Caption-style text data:

◆ ◆ ◆

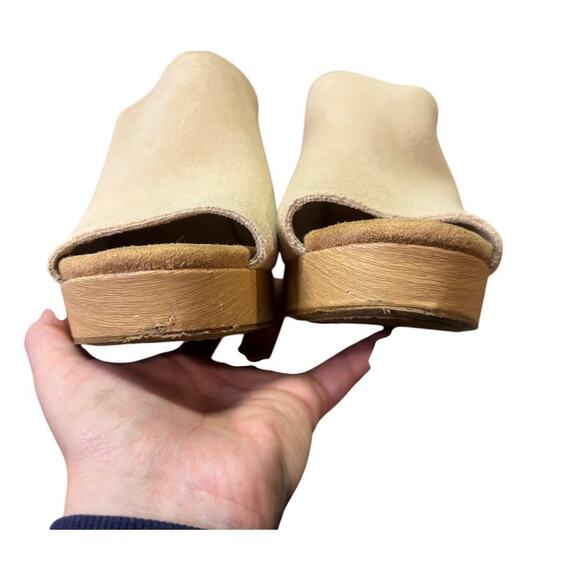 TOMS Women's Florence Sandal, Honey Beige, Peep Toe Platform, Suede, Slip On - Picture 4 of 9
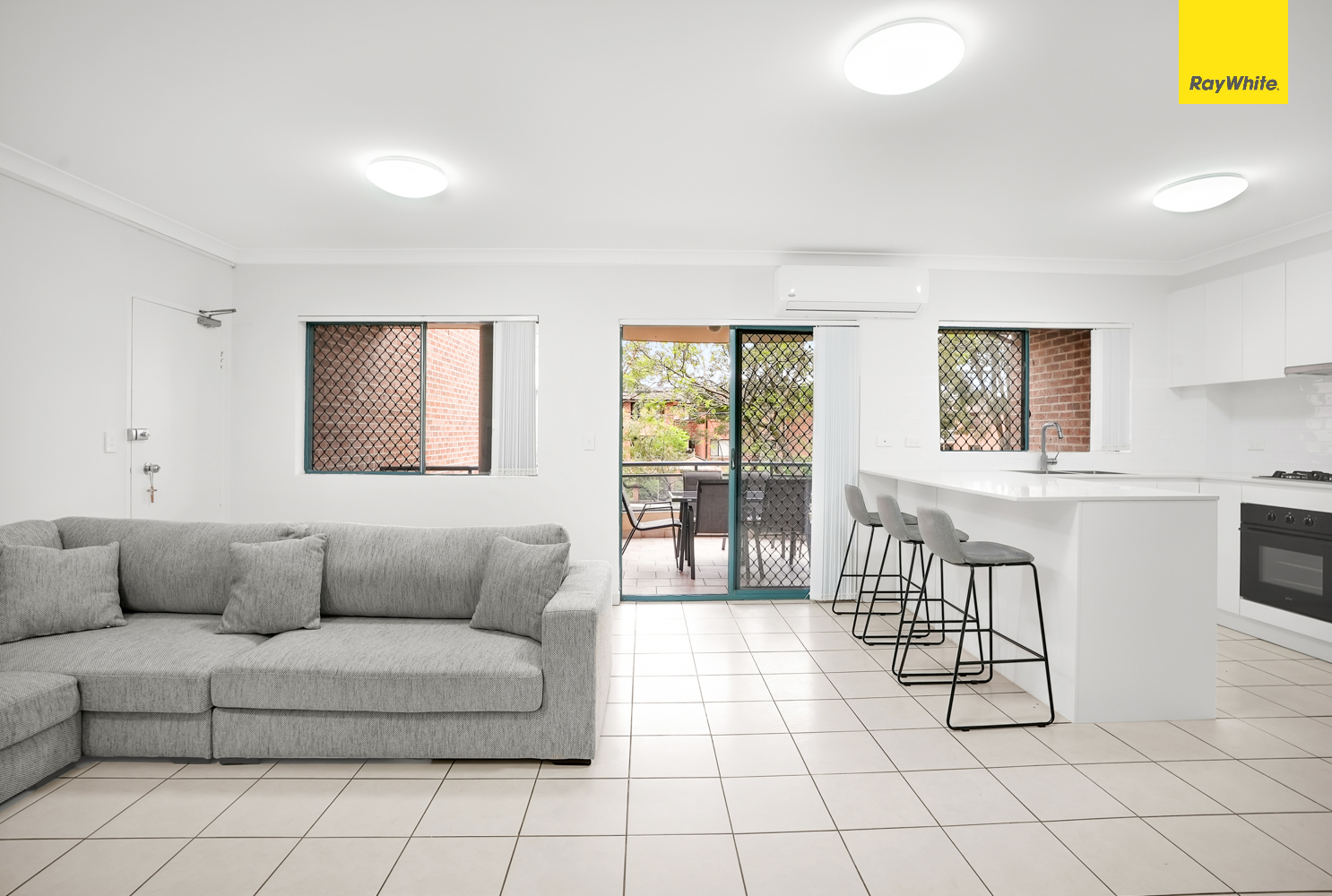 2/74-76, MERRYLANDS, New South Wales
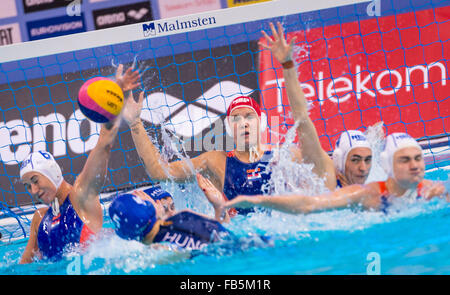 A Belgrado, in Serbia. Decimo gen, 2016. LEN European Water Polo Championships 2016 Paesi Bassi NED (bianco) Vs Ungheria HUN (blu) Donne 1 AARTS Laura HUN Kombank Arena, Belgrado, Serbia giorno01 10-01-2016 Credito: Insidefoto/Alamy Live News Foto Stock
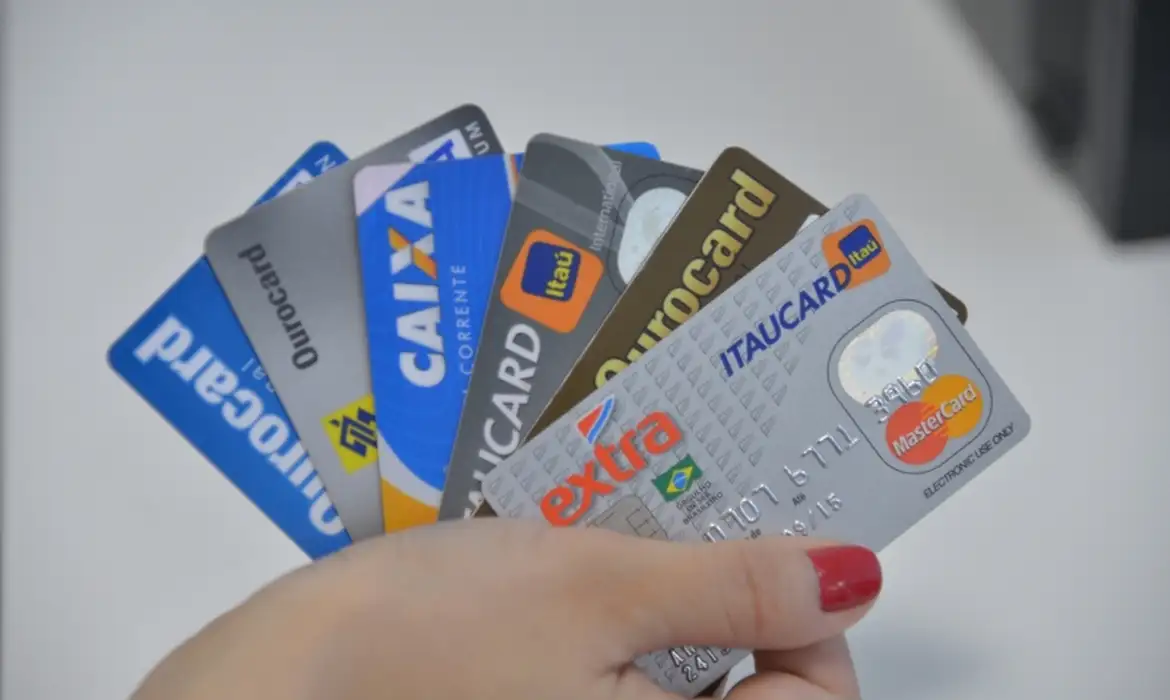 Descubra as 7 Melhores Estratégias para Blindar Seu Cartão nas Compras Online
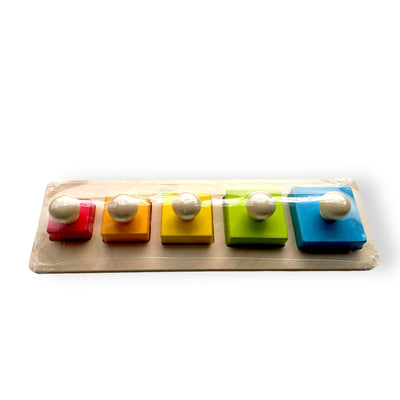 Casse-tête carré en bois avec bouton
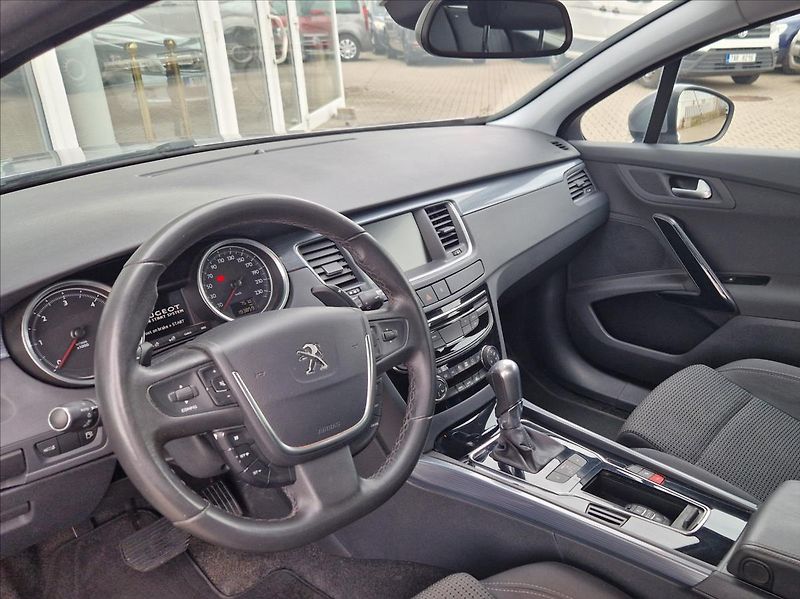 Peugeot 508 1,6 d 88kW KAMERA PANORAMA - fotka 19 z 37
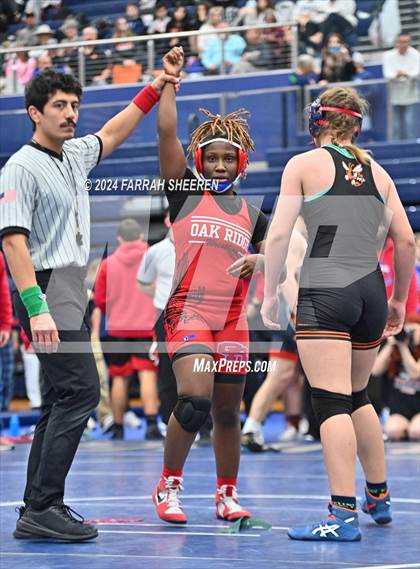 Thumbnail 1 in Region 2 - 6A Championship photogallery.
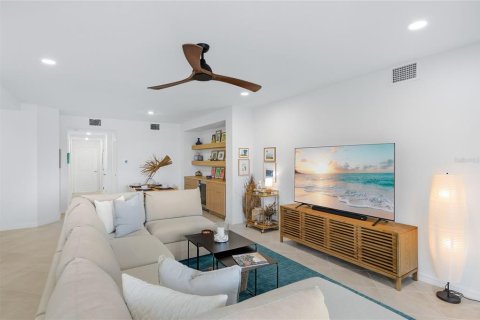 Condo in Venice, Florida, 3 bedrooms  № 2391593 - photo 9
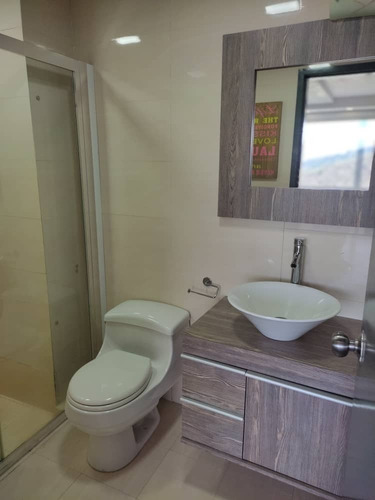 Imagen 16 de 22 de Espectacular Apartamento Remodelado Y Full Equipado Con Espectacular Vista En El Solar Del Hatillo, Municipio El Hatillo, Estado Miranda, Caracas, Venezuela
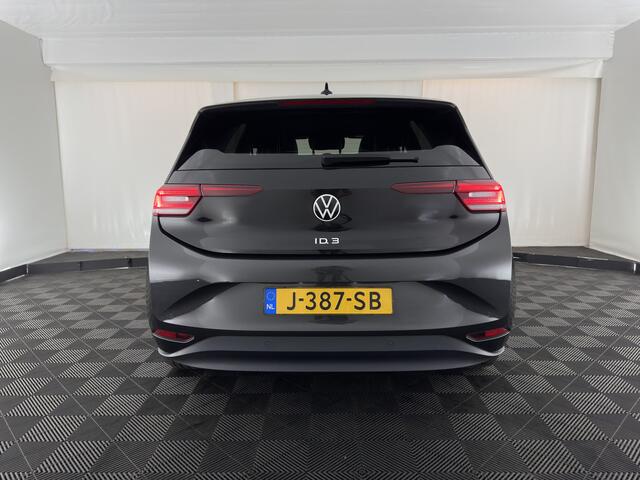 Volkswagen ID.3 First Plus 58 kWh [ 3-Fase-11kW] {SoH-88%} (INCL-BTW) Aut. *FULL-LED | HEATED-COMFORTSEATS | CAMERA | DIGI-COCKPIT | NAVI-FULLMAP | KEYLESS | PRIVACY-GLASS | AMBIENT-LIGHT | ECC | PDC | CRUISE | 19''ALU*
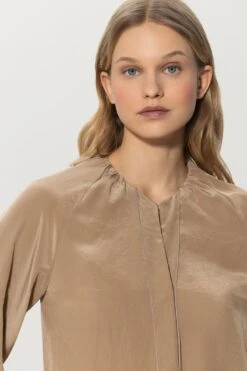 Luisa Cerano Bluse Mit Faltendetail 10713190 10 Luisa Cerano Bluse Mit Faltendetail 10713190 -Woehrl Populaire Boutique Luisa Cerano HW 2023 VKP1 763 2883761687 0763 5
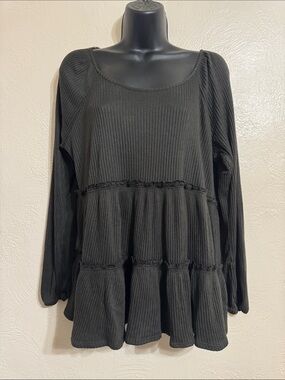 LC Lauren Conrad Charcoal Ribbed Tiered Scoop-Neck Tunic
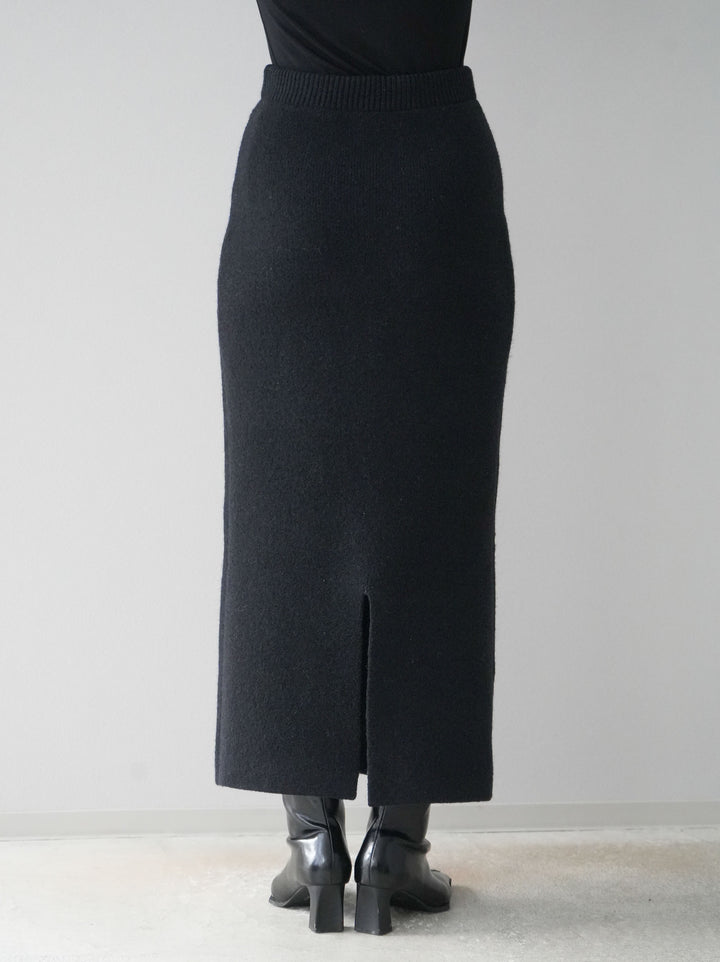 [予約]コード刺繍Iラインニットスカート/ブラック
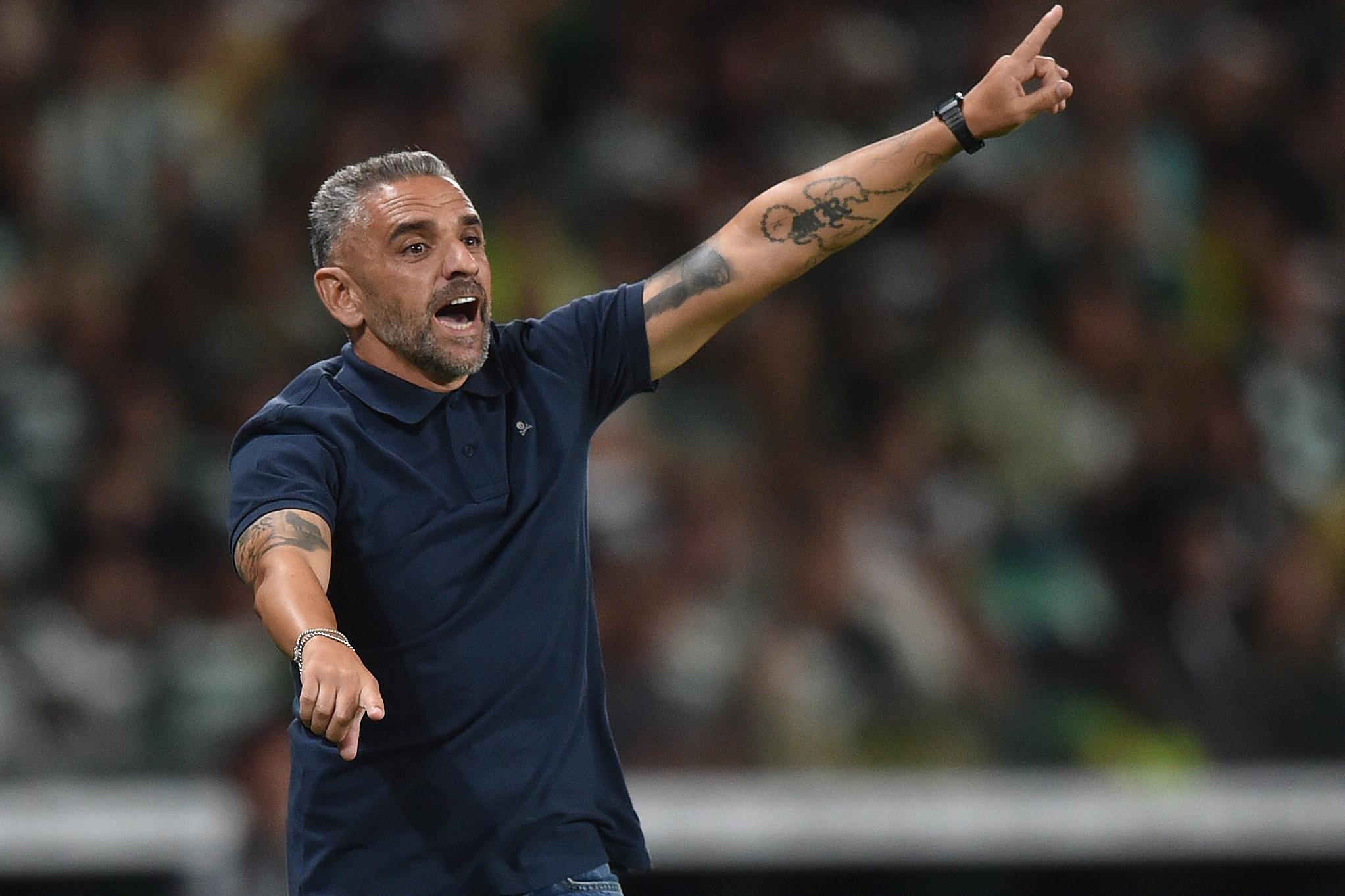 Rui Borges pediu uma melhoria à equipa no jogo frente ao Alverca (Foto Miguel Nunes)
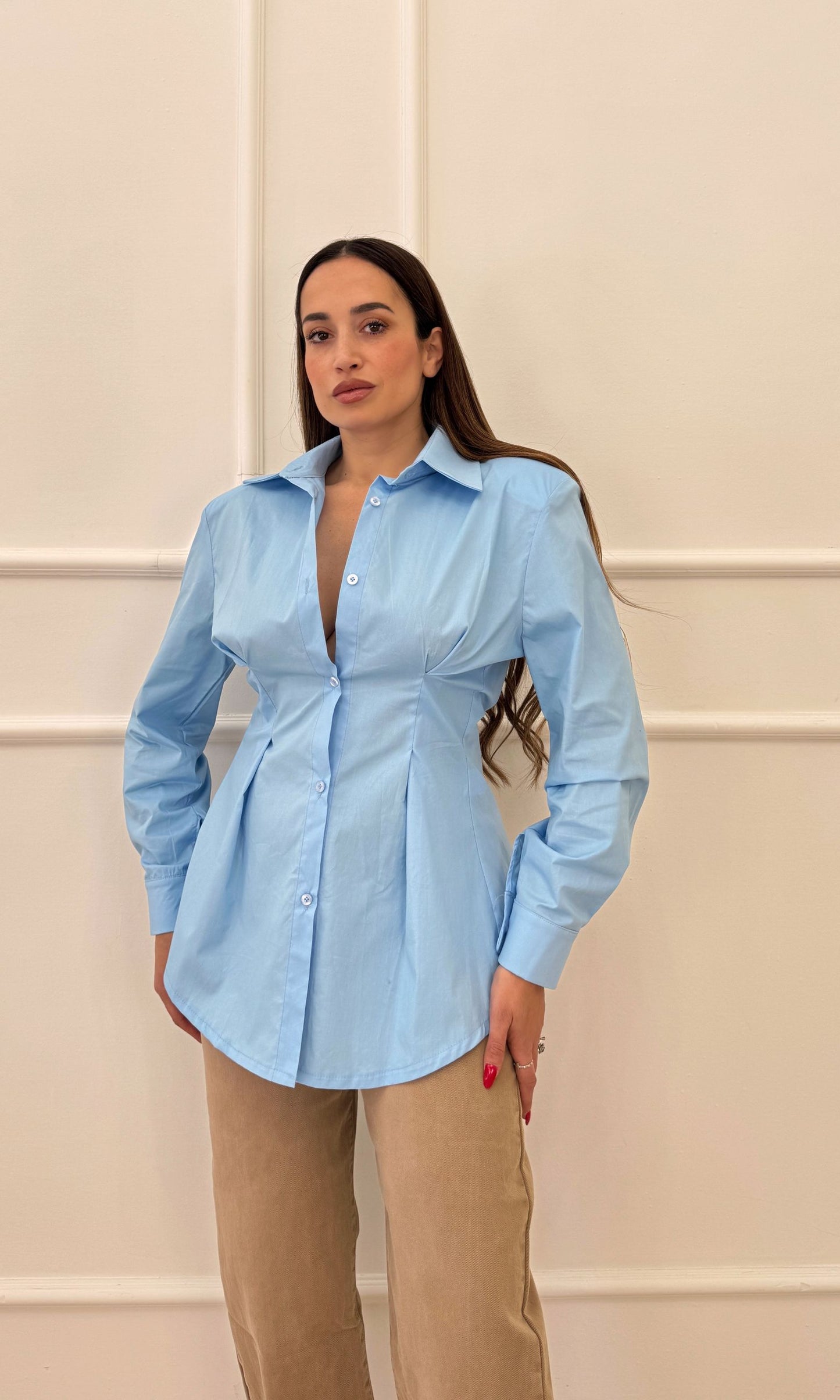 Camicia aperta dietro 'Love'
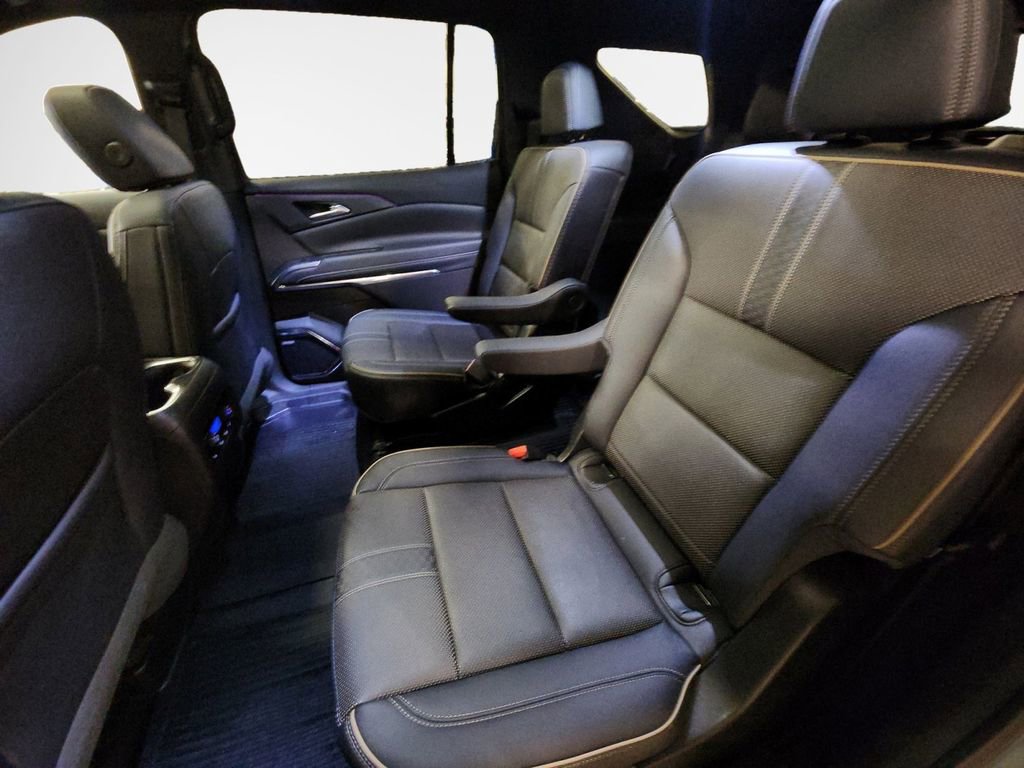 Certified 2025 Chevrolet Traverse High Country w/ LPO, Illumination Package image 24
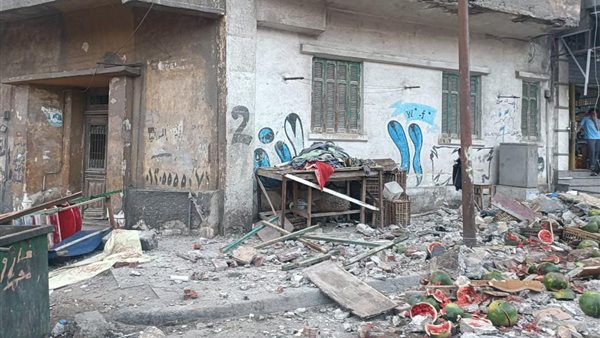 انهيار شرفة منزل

◆ ◆ ◆

→ Your instructions
Return only the part above that opens with the line containing "Casse-tête carré en bois avec bouton" and closes with the line containing "[予約]コード刺繍Iラインニットスカート/ブラック", exactly and with both ends, skipping the pictures.

→ Answer section
 Casse-tête carré en bois avec bouton
 Peugeot 508 1,6 d 88kW KAMERA PANORAMA - fotka 19 z 37
 Thumbnail 1 in Region 2 - 6A Championship photogallery.
 Condo in Venice, Florida, 3 bedrooms  № 2391593 - photo 9
 Imagen 16 de 22 de Espectacular Apartamento Remodelado Y Full Equipado Con Espectacular Vista En El Solar Del Hatillo, Municipio El Hatillo, Estado Miranda, Caracas, Venezuela
 Volkswagen ID.3 First Plus 58 kWh [ 3-Fase-11kW] {SoH-88%} (INCL-BTW) Aut. *FULL-LED | HEATED-COMFORTSEATS | CAMERA | DIGI-COCKPIT | NAVI-FULLMAP | KEYLESS | PRIVACY-GLASS | AMBIENT-LIGHT | ECC | PDC | CRUISE | 19''ALU*
 Luisa Cerano Bluse Mit Faltendetail 10713190 10 Luisa Cerano Bluse Mit Faltendetail 10713190 -Woehrl Populaire Boutique Luisa Cerano HW 2023 VKP1 763 2883761687 0763 5
 LC Lauren Conrad Charcoal Ribbed Tiered Scoop-Neck Tunic
 [予約]コード刺繍Iラインニットスカート/ブラック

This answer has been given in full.